Define a store with records, create a pipeline with processing steps, and run it:

require "concurrent_pipeline"

# Define your data store with inline schema definitions
store = ConcurrentPipeline.store do
  dir("/tmp/my_pipeline")

  record(:user) do
    schema(:users) do |t|
      t.string(:name)
      t.boolean(:processed, default: false)
    end
  end
end

# Create some data
store.transaction do
  store.user.create!(name: "Alice")
  store.user.create!(name: "Bob")
end

# Define processing pipeline
pipeline = ConcurrentPipeline.pipeline do
  processor(:sync)  # Run sequentially

  process(store.user.where(processed: false)) do |user|
    puts "Processing #{user.name}"
    user.update!(processed: true)
  end
end

# Run it
pipeline.process(store)

Defining Record Schemas

The recommended approach is to define schemas directly inside record blocks. This keeps your table schema, custom methods, and validations all in one place:

store = ConcurrentPipeline.store do
  dir("/tmp/my_pipeline")

  record(:user) do
    schema(:users) do |t|
      t.string(:first_name)
      t.string(:last_name)
      t.integer(:age)
      t.boolean(:processed, default: false)
    end

    validates :first_name, presence: true

    def full_name
      "#{first_name} #{last_name}"
    end

    def adult?
      age >= 18
    end
  end
end

store.transaction do
  store.user.create!(first_name: "Alice", last_name: "Smith", age: 25)
end

user = store.user.first
puts user.full_name  # => "Alice Smith"
puts user.adult?     # => true

This approach keeps related code together - the table schema, custom methods, and validations all in one record definition.

Async Processing

Use :async processor to run steps concurrently:

pipeline = ConcurrentPipeline.pipeline do
  processor(:async)  # Run concurrently

  process(store.user.where(processed: false)) do |user|
    # Each user processed in parallel
    sleep 1
    user.update!(processed: true)
  end
end

Control concurrency and polling with optional parameters:

pipeline = ConcurrentPipeline.pipeline do
  # concurrency: max parallel tasks (default: 5)
  # enqueue_seconds: sleep between checking for new work (default: 0.1)
  processor(:async, concurrency: 10, enqueue_seconds: 0.5)

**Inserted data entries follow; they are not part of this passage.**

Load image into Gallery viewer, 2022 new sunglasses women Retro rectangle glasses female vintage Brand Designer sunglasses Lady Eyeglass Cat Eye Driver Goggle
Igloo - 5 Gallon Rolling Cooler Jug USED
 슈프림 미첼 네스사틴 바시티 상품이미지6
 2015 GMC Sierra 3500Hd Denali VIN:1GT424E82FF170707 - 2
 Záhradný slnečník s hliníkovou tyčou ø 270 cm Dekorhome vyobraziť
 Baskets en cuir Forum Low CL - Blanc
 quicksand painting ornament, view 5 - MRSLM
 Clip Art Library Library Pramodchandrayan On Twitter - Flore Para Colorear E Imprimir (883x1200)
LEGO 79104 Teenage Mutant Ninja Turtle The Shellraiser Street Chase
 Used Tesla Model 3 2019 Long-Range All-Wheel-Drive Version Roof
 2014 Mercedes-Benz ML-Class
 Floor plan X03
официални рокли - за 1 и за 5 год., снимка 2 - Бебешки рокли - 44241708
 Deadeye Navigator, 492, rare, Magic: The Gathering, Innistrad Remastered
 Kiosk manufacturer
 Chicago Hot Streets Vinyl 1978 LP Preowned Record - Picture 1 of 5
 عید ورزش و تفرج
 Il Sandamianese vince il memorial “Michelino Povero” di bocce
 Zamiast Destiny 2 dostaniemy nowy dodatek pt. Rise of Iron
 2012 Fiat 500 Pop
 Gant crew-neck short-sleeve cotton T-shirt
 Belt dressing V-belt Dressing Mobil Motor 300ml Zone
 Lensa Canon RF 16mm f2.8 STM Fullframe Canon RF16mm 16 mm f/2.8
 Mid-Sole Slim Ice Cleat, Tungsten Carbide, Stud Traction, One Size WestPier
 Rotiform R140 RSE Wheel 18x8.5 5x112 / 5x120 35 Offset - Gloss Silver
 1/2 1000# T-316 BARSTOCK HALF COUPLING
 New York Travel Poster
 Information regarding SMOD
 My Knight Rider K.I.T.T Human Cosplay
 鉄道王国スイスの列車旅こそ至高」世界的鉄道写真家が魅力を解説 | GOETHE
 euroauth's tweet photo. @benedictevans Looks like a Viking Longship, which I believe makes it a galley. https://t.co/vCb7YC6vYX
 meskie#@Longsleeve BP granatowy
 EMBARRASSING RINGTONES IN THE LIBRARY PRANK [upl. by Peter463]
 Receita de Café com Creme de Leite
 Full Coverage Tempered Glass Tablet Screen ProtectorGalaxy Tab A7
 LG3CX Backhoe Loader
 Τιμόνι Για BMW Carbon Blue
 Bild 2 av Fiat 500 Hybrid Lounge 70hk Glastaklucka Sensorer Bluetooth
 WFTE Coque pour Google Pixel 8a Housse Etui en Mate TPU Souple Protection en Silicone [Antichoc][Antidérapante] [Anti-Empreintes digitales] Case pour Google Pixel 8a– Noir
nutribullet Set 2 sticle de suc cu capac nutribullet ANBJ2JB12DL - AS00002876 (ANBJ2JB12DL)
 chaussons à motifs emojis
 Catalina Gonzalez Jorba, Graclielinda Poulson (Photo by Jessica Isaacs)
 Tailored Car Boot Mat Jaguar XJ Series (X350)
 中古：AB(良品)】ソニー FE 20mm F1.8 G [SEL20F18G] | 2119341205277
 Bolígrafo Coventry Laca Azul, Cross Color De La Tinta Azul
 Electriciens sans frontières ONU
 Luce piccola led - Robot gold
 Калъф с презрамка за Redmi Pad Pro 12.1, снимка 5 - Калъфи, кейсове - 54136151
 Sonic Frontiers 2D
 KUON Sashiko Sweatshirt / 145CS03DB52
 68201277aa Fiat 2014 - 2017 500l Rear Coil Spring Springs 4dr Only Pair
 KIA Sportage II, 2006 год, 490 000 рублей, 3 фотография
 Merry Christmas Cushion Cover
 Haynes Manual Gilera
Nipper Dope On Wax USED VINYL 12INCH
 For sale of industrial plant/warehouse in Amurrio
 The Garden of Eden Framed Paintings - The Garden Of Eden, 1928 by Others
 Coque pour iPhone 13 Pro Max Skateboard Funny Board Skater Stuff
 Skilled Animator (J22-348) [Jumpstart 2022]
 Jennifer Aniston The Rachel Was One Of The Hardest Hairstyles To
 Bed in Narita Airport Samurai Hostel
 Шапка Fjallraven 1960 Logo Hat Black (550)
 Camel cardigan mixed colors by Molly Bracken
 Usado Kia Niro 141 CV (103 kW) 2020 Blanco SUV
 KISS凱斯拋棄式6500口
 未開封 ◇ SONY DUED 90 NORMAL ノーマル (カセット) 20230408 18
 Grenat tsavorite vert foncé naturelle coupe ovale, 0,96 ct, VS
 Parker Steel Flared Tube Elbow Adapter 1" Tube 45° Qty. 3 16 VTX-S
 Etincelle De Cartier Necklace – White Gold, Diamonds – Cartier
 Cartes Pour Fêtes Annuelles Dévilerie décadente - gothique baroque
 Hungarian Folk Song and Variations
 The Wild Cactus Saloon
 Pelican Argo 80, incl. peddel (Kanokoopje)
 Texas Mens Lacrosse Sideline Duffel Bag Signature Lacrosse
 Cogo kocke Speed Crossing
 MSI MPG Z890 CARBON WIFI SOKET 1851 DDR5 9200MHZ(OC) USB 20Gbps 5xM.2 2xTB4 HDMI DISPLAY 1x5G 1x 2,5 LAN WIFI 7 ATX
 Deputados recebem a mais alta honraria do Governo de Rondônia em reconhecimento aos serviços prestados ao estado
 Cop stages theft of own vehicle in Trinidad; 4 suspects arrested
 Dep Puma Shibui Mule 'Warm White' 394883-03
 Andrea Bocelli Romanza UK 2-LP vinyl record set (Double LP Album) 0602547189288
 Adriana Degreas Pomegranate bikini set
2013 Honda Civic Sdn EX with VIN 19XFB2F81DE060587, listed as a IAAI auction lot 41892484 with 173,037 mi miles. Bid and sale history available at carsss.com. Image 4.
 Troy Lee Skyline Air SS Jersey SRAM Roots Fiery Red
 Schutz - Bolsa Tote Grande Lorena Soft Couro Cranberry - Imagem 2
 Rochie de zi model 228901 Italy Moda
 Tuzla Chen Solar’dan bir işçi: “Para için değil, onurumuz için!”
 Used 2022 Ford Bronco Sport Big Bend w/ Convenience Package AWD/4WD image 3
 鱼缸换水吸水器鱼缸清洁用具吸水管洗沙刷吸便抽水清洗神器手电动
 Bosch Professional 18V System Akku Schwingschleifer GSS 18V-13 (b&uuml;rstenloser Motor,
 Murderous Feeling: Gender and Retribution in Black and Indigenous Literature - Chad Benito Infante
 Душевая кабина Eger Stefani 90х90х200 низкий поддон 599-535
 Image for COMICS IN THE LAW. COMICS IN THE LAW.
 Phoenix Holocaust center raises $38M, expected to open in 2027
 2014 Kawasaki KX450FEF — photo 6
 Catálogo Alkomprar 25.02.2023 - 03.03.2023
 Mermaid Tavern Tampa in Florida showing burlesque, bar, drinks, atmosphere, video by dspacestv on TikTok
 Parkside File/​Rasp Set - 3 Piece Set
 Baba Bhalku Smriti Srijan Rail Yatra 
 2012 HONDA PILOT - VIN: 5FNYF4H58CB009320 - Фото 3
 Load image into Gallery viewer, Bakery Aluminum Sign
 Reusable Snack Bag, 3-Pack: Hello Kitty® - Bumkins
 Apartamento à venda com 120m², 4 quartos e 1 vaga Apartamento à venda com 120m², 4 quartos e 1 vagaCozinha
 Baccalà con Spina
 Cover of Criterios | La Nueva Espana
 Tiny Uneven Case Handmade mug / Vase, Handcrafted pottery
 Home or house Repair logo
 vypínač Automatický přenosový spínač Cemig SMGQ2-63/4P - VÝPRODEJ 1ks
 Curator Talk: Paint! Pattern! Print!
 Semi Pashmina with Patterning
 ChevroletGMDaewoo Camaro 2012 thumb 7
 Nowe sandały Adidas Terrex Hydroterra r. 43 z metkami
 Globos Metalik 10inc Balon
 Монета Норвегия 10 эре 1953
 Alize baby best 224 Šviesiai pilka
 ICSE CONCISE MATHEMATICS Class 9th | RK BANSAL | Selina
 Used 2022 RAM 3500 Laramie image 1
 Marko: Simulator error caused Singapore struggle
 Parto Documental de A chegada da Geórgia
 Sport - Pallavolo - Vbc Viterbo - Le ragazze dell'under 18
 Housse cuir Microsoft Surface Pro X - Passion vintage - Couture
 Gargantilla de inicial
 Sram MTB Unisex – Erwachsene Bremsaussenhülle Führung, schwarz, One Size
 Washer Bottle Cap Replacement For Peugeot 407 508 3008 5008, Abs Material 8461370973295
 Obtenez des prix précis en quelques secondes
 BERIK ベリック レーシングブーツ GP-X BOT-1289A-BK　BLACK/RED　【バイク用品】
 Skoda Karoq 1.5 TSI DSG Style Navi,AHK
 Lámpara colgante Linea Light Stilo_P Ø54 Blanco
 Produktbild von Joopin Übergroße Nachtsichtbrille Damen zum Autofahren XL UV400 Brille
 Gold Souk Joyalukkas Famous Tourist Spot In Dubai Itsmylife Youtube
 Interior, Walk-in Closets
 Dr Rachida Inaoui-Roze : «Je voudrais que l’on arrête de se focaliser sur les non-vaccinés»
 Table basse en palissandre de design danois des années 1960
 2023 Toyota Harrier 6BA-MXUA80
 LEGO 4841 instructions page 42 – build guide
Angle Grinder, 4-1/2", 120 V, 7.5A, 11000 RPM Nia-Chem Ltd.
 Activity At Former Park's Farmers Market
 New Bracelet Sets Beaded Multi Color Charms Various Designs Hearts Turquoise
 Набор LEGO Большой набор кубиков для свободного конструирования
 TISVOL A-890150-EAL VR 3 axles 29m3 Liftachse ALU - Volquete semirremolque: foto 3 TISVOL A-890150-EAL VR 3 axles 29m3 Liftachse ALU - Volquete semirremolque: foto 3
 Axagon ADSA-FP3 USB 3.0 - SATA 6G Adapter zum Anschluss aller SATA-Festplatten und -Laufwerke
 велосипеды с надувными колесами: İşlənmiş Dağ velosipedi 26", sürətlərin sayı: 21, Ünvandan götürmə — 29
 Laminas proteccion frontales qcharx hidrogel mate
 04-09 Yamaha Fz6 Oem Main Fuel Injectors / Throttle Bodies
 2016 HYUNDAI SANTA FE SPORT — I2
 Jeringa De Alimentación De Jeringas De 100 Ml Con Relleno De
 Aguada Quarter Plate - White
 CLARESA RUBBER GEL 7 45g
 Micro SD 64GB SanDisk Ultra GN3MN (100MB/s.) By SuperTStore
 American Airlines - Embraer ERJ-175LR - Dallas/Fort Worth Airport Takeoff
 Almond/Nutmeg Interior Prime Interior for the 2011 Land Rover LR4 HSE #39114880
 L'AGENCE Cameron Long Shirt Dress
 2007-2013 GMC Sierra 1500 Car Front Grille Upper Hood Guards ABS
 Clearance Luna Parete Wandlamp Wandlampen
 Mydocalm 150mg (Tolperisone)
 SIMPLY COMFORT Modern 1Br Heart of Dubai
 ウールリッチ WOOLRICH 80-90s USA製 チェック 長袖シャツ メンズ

  process(store.user.where(processed: false)) do |user|
    # Up to 10 users processed concurrently
    expensive_api_call(user)
    user.update!(processed: true)
  end
end

Using migrate for Schema Modifications

The migrate method is used when you need to modify an existing schema, such as when restoring from a previous version of your store and adding new columns or tables. Migrations defined this way are placed after inline schema definitions:

store = ConcurrentPipeline.store do
  dir("/tmp/my_pipeline")

  # Existing record with inline schema
  record(:user) do
    schema(:users) do |t|
      t.string(:name)
      t.boolean(:processed, default: false)
    end
  end

  # Later, you need to add a new column to the existing table
  # This is useful when working with an existing database
  migrate do
    add_column(:users, :email, :string)
  end

  # Or add a completely new table not associated with a record
  migrate do
    create_table(:audit_logs) do |t|
      t.string(:action)
      t.integer(:user_id)
      t.timestamps
    end
  end
end

When to use migrate:

Adding columns to tables that were created in a prior version of your script
Removing or modifying columns in existing tables
Creating additional tables not associated with a primary record
Running data migrations or other one-time schema changes

Migration order:

Inline schema calls are always processed first (prepended to the migration list)
migrate calls are processed after all schemas (appended to the migration list)
Each migration is tracked and only runs once

For new record definitions, prefer using the inline schema approach to keep related code together.

Custom Methods on Records

Records can have custom methods defined alongside their schema. This was already shown in the "Defining Record Schemas" section above, but here's another example:

store = ConcurrentPipeline.store do
  dir("/tmp/my_pipeline")

  record(:user) do
    schema(:users) do |t|
      t.string(:first_name)
      t.string(:last_name)
      t.integer(:age)
    end

    def full_name
      "#{first_name} #{last_name}"
    end

    def adult?
      age >= 18
    end
  end
end

store.transaction do
  store.user.create!(first_name: "Alice", last_name: "Smith", age: 25)
end
user = store.user.first
puts user.full_name  # => "Alice Smith"
puts user.adult?     # => true

Inline Schema Definitions

You can define a record's schema directly inside the record block, combining the schema and custom methods in one place. Schema migrations defined this way are automatically placed at the front of the migration queue and use the table name as the migration version:

store = ConcurrentPipeline.store do
  dir("/tmp/my_pipeline")

  # Define schema inline with the record
  record(:user) do
    schema(:users) do |t|
      t.string(:first_name)
      t.string(:last_name)
      t.integer(:age)
      t.boolean(:processed, default: false)
    end

    def full_name
      "#{first_name} #{last_name}"
    end

    def adult?
      age >= 18
    end
  end

  # Regular migrations are placed after inline schemas
  migrate do
    create_table(:other_table) do |t|
      t.string(:data)
    end
  end
end

# Use the record normally
store.transaction do
  store.user.create!(first_name: "Alice", last_name: "Smith", age: 25)
end

user = store.user.first
puts user.full_name  # => "Alice Smith"
puts user.adult?     # => true

Migration Order:

Inline schema calls are prepended (added to the front of the migration list)
Regular migrate calls are appended (added to the end of the migration list)
Schema migrations use the table name as their version identifier

This approach keeps related code together - the table schema, custom methods, and validations all in one record definition.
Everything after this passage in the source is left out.